Revert "[SPARK-9372] [SQL] Filter nulls in join keys"

This reverts commit 687c8c37150f4c93f8e57d86bb56321a4891286b.
author: Reynold Xin <rxin@databricks.com> 2015-08-03 14:51:15 -0700
committer: Reynold Xin <rxin@databricks.com> 2015-08-03 14:51:15 -0700
commit: b2e4b85d2db0320e9cbfaf5a5542f749f1f11cf4 (patch)
tree: c5e35835c2271a70e0a0475c218244ff54f3c0c4 /sql/catalyst
parent: 702aa9d7fb16c98a50e046edfd76b8a7861d0391 (diff)

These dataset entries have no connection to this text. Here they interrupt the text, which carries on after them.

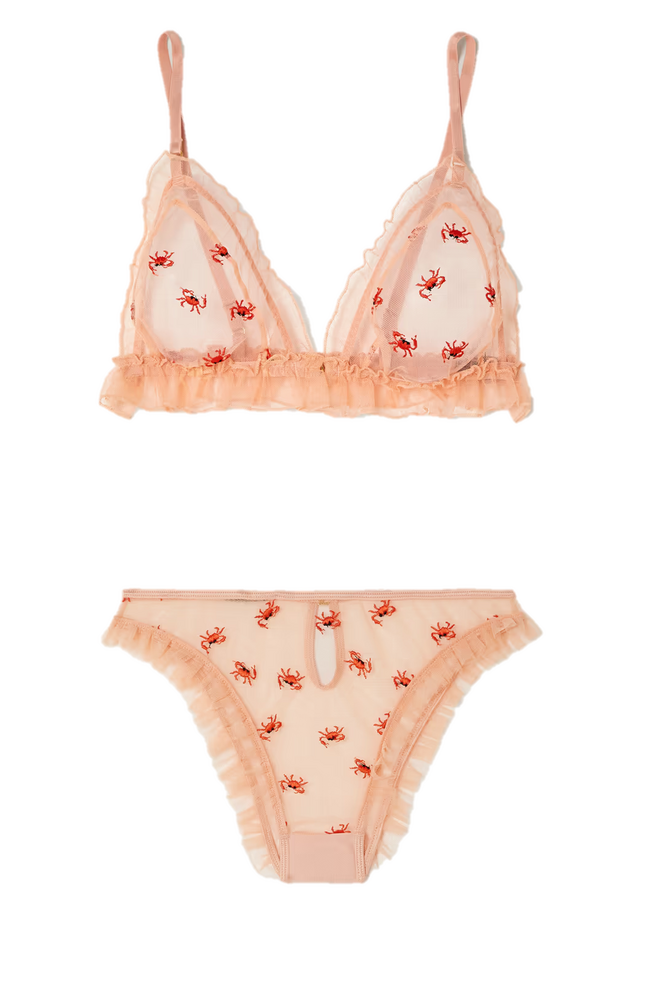 Soutien, €95, e cuecas, €60, Le Petit Trou, em net-a-porter.com.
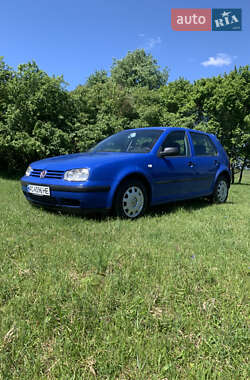 Хэтчбек Volkswagen Golf 2002 в Ковеле
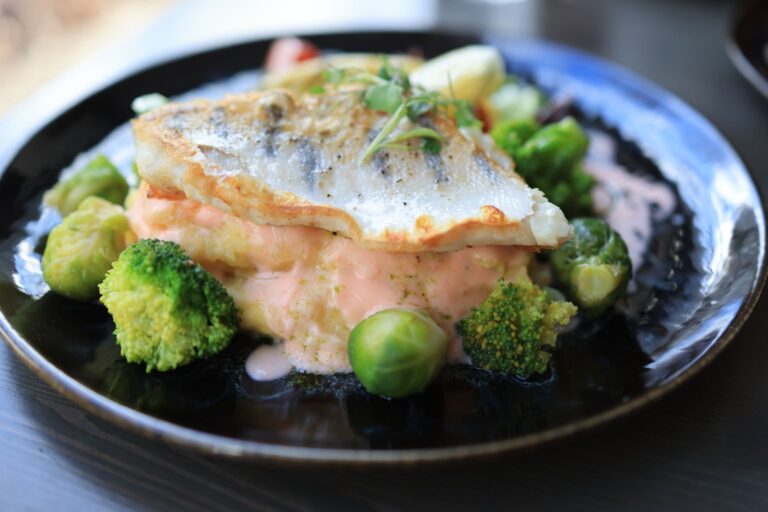 Slow Cooker Turkey with Broccoli Low-Carb Recipe CarbWise low-carb healthy food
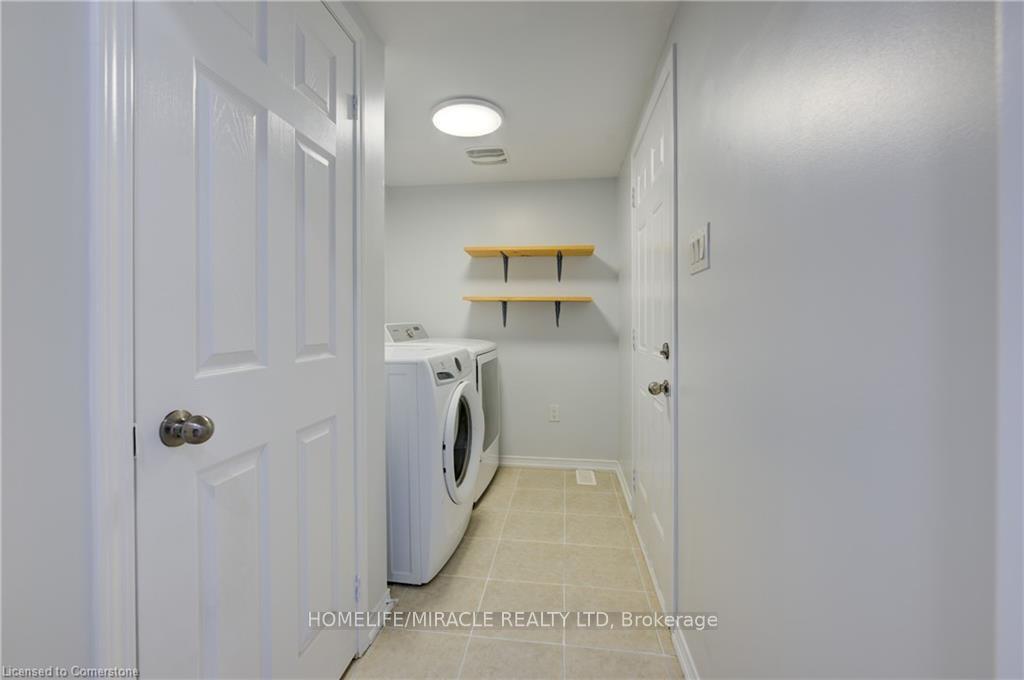Photo of 41 Cole Crescent, Brantford, ON N3T 0P4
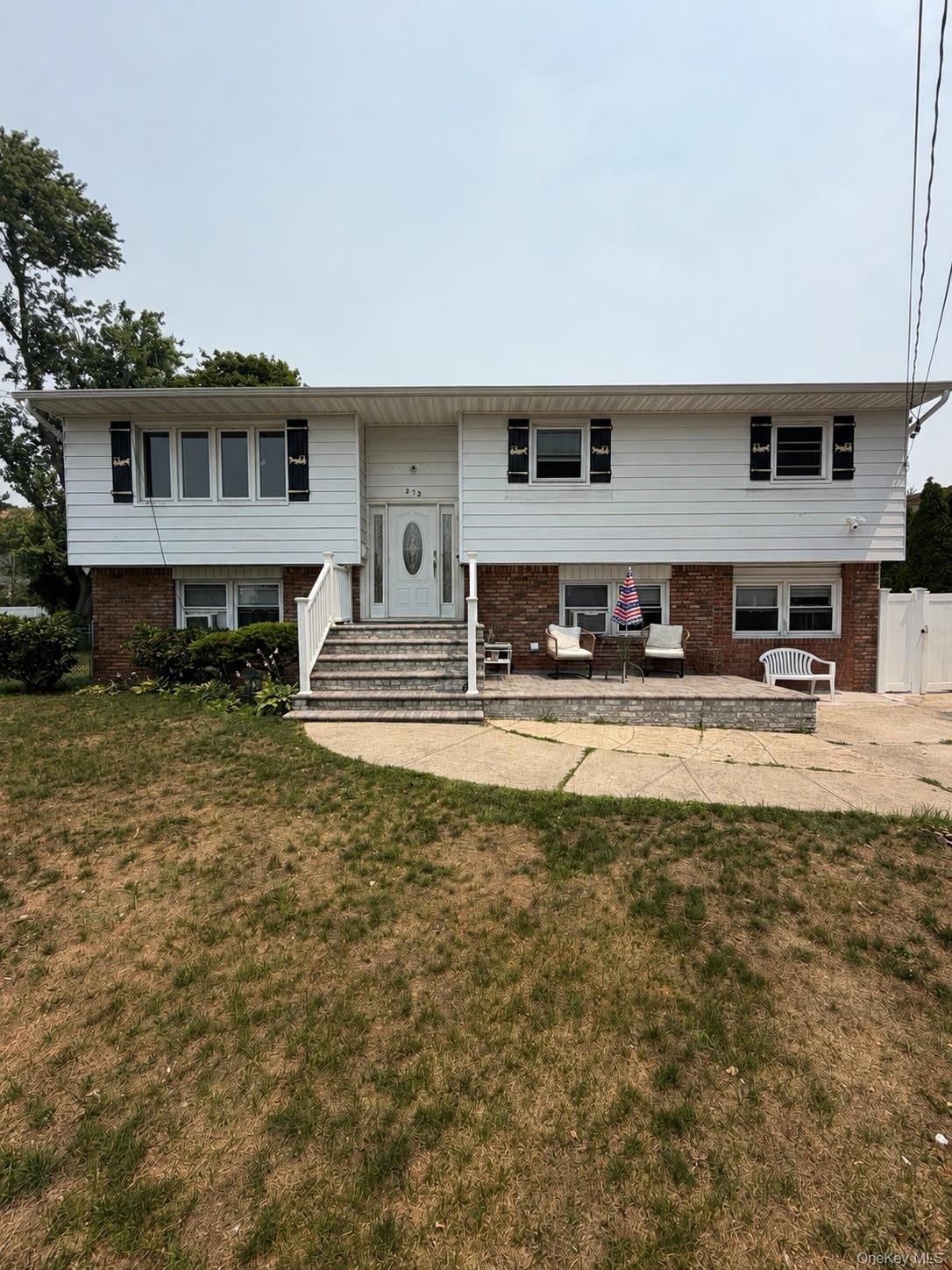 272 Davenport – photo 1 of 10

download: spark-b2e4b85d2db0320e9cbfaf5a5542f749f1f11cf4.tar.gz
spark-b2e4b85d2db0320e9cbfaf5a5542f749f1f11cf4.tar.bz2
spark-b2e4b85d2db0320e9cbfaf5a5542f749f1f11cf4.zip
6 files changed, 35 insertions, 165 deletions
diff --git a/sql/catalyst/src/main/scala/org/apache/spark/sql/catalyst/expressions/nullFunctions.scala b/sql/catalyst/src/main/scala/org/apache/spark/sql/catalyst/expressions/nullFunctions.scala
index d58c475693..287718fab7 100644
--- a/sql/catalyst/src/main/scala/org/apache/spark/sql/catalyst/expressions/nullFunctions.scala
+++ b/sql/catalyst/src/main/scala/org/apache/spark/sql/catalyst/expressions/nullFunctions.scala
@@ -210,58 +210,14 @@ case class IsNotNull(child: Expression) extends UnaryExpression with Predicate {
   }
 }
 
-/**
- * A predicate that is evaluated to be true if there are at least `n` null values.
- */
-case class AtLeastNNulls(n: Int, children: Seq[Expression]) extends Predicate {
-  override def nullable: Boolean = false
-  override def foldable: Boolean = children.forall(_.foldable)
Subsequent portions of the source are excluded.